Recurrences after 5 years are not infrequent for uterine MAs; therefore long-term clinical follow-up is recommended (Clement and Scully, 1990; Jones and Lefkowitz, 1995; Zaloudek and Norris, 1981). A local recurrence rate of 24% and a distant recurrence rate of 2% after hysterectomy and bilateral salpingo-oophorectomy were reported with recurrences occurring between 0.5 and 9.5 years; one-third of recurrences occurred after 5 years (Clement and Scully, 1990). In GOG 40, Kaku et al. (1992) reported a 30% recurrence rate of uterine MAs, with most recurrences occurring within 24 months after hysterectomy, bilateral salpingo-oophorectomy, and lymph node sampling. One series compared survival of patients diagnosed with uterine adenosarcoma with sarcomatous overgrowth (N = 11) to survival of patients with uterine carcinosarcoma (N = 33), reporting a trend toward worse prognosis of uterine MA with sarcomatous overgrowth (p = 0.052) with a median survival of 13 months (Krivak et al., 2001).
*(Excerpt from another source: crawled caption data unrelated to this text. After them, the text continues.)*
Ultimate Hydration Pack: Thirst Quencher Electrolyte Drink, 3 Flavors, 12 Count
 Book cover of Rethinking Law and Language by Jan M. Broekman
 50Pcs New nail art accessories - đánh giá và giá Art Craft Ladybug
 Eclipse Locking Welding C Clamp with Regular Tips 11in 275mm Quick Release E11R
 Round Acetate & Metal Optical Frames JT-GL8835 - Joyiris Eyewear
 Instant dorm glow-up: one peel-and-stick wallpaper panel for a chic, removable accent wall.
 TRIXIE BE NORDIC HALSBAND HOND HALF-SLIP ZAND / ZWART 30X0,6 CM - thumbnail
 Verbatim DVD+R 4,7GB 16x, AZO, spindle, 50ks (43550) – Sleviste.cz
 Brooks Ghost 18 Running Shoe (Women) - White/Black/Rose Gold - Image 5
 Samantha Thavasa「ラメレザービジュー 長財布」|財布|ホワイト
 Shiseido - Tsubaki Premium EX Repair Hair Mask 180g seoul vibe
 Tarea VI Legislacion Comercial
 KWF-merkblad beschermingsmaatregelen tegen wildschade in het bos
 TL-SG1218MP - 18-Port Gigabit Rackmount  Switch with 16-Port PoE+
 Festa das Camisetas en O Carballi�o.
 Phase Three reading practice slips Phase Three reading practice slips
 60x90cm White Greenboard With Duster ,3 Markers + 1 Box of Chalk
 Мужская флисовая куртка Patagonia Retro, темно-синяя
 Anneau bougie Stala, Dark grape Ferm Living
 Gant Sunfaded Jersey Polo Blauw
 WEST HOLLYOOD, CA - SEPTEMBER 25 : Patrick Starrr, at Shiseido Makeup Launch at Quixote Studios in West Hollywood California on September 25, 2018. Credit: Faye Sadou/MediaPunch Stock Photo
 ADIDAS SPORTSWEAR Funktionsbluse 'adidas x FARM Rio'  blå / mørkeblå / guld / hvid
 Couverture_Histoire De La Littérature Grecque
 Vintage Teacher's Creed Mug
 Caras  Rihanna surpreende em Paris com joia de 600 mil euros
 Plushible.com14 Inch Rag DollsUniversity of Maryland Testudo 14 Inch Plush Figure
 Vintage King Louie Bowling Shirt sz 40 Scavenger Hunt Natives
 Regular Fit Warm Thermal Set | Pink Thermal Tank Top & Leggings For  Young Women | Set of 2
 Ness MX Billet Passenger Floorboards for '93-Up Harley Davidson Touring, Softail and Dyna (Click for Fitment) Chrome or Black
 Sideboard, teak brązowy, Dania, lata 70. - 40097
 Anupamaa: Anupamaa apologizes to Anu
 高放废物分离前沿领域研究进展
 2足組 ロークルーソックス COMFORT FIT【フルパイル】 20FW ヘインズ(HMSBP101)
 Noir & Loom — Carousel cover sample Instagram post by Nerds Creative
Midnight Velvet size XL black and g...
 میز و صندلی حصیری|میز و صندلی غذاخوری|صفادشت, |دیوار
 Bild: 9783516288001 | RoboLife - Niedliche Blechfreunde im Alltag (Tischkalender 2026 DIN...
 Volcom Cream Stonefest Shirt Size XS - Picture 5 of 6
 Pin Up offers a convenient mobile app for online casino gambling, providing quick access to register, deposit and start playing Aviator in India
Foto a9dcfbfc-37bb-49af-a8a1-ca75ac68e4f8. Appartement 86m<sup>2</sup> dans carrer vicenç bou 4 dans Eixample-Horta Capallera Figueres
A recent small (N = 5) series of uterine MA with sarcomatous overgrowth reported a 20% 2-year survival rate (Tanner et al., 2013). The prognosis of cervical MA with sarcomatous overgrowth or heterologous elements remains less characterized. Cases need to be reported as only continued accumulation of clinicopathologic data will lead to improved understanding of this disease. Here we report two cases of large cervical MA tumors with contrasting clinical outcomes: one case of stage IB2 low grade cervical MA with sarcomatous overgrowth and long-term disease free survival after surgical resection, vaginal brachytherapy, and single-agent chemotherapy and the second case being a patient with stage IIB high grade cervical MA with rhabdomyoblastic differentiation who experienced a short 12 month disease specific survival despite whole pelvic external beam radiation and multiple courses of chemotherapy. The disease progression of Case 2 was more rapid than is typical of MAs and may represent a more aggressive nature of high grade MA with rhabdomyoblastic features: more reports of clinical outcomes of patients with this rare histologic feature are needed to establish its prognostic significance.

Conflict of interest statement

The authors declare that there are no conflicts of interest.